The Commission has requested this change, stating that ‘The Commission believes that providing it with the option to recommend consideration of criminal charges in cases of the most serious misconduct would enable it to more effectively meet the objectives of the IC Act.’
The Report should have also recommended that the Integrity Commission be given the status of a law enforcement agency, which would have assisted it to obtain essential telecommunications information. The Integrity Commission submitted to the Committee that relevant legislation be amended to give it law enforcement status, which would ‘significantly enhance the Commission’s ability to carry out its investigative functions’.
We need continued vigilance against corruption in Tasmania, and the best way to do that is to ensure that the Integrity Commission has the powers it has asked for.
The Committee has made some recommendations that will, if implemented, improve the investigative functions of the Commission. But taken as a whole it leaves the Commission somewhat hamstrung, and lacking the powers necessary for it to be a strong anti-corruption watchdog.
Thankfully the Committee recommended the retention of the investigative function of the Integrity Commission. It is now incumbent on the Premier and the Attorney-General to ditch their controversial policy of stripping the Commission of its investigative powers.

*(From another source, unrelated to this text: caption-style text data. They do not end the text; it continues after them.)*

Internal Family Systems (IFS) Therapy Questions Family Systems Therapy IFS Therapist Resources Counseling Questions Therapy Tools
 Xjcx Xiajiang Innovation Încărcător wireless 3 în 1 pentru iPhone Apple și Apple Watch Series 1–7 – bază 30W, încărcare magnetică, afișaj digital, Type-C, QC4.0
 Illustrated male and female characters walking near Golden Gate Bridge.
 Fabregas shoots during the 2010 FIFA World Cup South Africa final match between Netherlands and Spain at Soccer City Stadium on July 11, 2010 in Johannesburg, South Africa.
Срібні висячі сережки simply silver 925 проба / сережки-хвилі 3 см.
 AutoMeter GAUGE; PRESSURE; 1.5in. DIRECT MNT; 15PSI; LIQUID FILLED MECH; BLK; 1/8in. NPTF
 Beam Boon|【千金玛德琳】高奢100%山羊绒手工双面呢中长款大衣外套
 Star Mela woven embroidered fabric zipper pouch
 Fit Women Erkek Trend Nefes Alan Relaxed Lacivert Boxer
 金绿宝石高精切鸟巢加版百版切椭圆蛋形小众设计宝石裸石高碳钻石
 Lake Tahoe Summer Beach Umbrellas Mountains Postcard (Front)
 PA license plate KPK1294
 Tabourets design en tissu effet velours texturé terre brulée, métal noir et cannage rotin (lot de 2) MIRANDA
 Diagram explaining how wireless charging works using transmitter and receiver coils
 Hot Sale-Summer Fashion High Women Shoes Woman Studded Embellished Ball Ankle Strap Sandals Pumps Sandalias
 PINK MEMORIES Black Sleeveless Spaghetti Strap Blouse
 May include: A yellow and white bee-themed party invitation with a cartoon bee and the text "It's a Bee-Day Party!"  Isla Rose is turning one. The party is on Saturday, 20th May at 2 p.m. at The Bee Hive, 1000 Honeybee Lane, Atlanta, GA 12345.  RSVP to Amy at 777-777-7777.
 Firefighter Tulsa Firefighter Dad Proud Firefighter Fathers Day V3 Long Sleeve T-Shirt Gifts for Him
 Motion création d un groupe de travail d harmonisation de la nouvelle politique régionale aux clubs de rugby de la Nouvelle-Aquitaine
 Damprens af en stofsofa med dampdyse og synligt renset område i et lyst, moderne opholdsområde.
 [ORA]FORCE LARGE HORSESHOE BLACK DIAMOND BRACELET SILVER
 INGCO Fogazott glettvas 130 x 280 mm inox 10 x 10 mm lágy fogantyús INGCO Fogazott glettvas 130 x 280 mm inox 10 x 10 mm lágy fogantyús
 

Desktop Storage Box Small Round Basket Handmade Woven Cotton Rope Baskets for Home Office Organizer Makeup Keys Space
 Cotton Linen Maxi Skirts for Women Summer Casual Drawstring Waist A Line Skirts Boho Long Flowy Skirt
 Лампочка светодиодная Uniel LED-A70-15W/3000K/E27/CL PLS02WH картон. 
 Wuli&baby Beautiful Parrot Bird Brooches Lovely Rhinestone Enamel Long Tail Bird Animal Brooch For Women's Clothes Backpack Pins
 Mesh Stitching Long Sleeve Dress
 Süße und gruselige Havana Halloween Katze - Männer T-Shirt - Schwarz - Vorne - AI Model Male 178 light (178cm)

The Final Report, including Mr McKim’s Dissenting Report, can be found here:
http://www.parliament.tas.gov.au/ctee/Joint/Reports/Final%20Report%203%20Year%20Review%20-%20Tabled%20version.pdf
• Lara Giddings: Integrity Commission must retain investigative powers
EARLIER on Tasmanian Times …
• John Hawkins in Comments: When Hall and Wilkinson drew up the guidelines for a Tasmanian Integrity Commission it was as a small Sop to the public Cerberus. A sop created to assuage discontent over perceived endemic corruption involving the abuse of due process by the then Lennon government in its promotion and facilitation of a proposed Pulp Mill. With considered political intent the Integrity Commission was given absolutely no teeth. Its role was one of political window dressing. It was created by our Pollies to give comfort to an easily appeased public, who believed in them thinking, incorrectly, that they had their interests at heart. Yet a small but influential group of Tasmanians were and have been baying loudly from outside the political door. Faced with a truculent collusive and abusive body politic the first CEO promptly resigned when she realised that the toothless tiger known as the Tasmanian Integrity Commission had been from the outset both hog tied and powerless, as was the intent of our political masters. It was and is the creation of a corrupt Tasmanian body politic set only on protecting its arse. All that is required of its Commissioner is to maintain the status quo and protect those within the Tasmanian political system from an increasingly restive public. That the status quo must be preserved at all costs is now becoming evident to all Tasmanians. Those who have been concerned in the creation, execution and preservation of this peculiarly Tasmanian fiasco should be ashamed. Yet shame is a little understood word in Tasmania for it is seemingly outside the lexicon of the Tasmanian body politic.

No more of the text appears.